If you had a proverbial cent for every time you heard this advice, you’d probably be retired on a beach in the Maldives right now instead of reading this. But what does that word have to do with business strategy?

A lot, actually. A proactive business strategy can make a huge difference from most people’s default, which is a reactive strategy.

Proactive vs. Reactive 

Here’s the difference. A reactive strategy means you will only deal with problems as they arise. A proactive strategy means you’ve tried to prepare for different challenges in advance.

Real-World Examples

Example 1: Let’s say you run an accounting firm, and one of your clients asks for a recommendation for an investment banker. Do you:

  1. Scramble and Google “investment bankers near me”?
  2. Have a prepared list of investment bankers (and other related business)?

If you said 1, that’s a reactive strategy.

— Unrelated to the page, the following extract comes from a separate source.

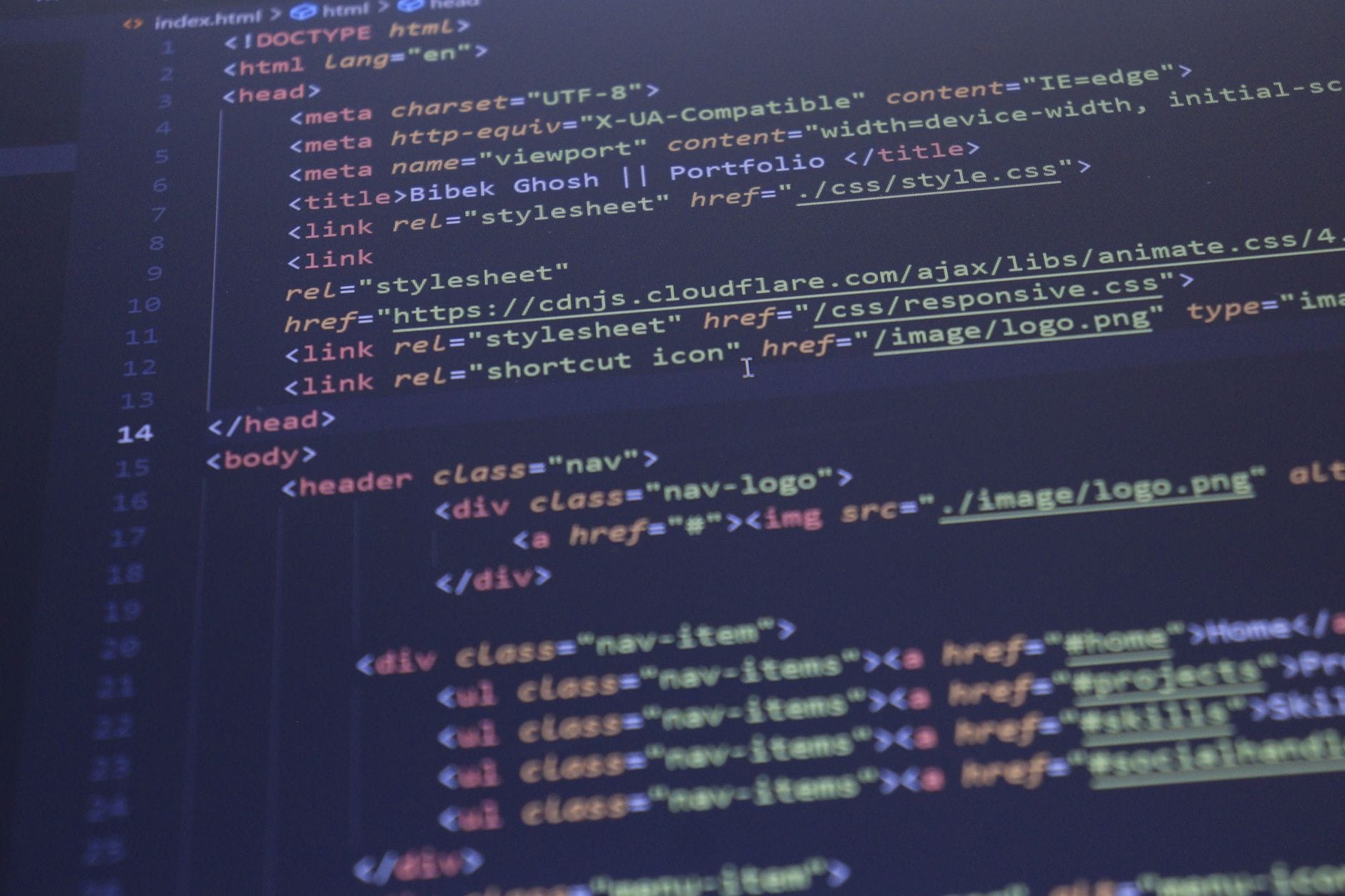 Zbliżenie na kod HTML i CSS na ekranie komputera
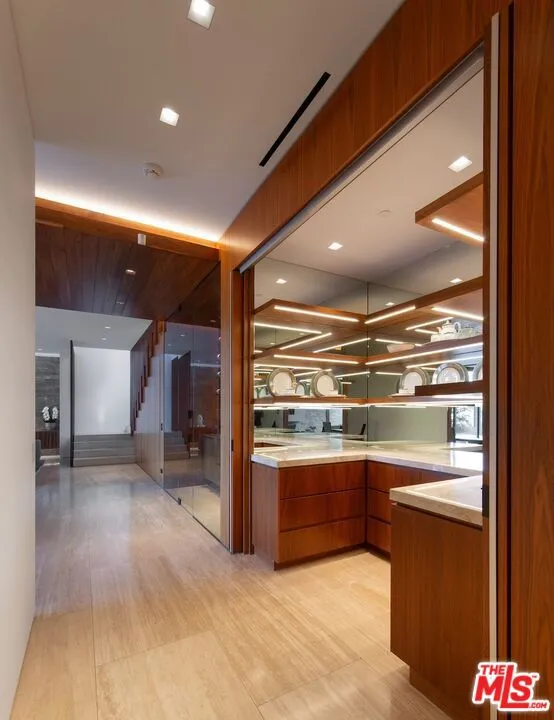 1716 San Remo Drive Pacific Palisades, CA 90272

You’re waiting for things to happen, and then reacting.

If you said 2, that’s a proactive strategy. You’ve taken the time in advance to predict the needs and wants of your clients, and you’ve already created a potential solution.

Example 2: Imagine you’re an HR company, and a new potential client asks to see references before they hire you. Do you:

  1. Frantically start calling past clients to see if they will give you a reference?
  2. Have a list of references on your website or in a PDF document ready to send?

Just like the first example, 1 is reactive and 2 is proactive.

Guess What? This Strategy Is Not Just For Businesses

You don’t have to wait until you own or run a business before you utilize this savvy strategy.

By practicing a proactive business strategy in your daily work routine, you train yourself to anticipate the needs of not just your employer, but your customers, too.

And you know what? Your employer will notice. If you’re constantly ready with solutions when problems arise, it should make a good impression. And at the very least, it will prepare you to start thinking like a boss.

How to be proactive?

Think ahead about what challenges could occur or what you might need to perform well. Then, start working now on the tools, resources, or knowledge you need for when that day comes. For example: do you predict that certain parts for your machinery business are going to be hard to source? Start looking for alternatives now.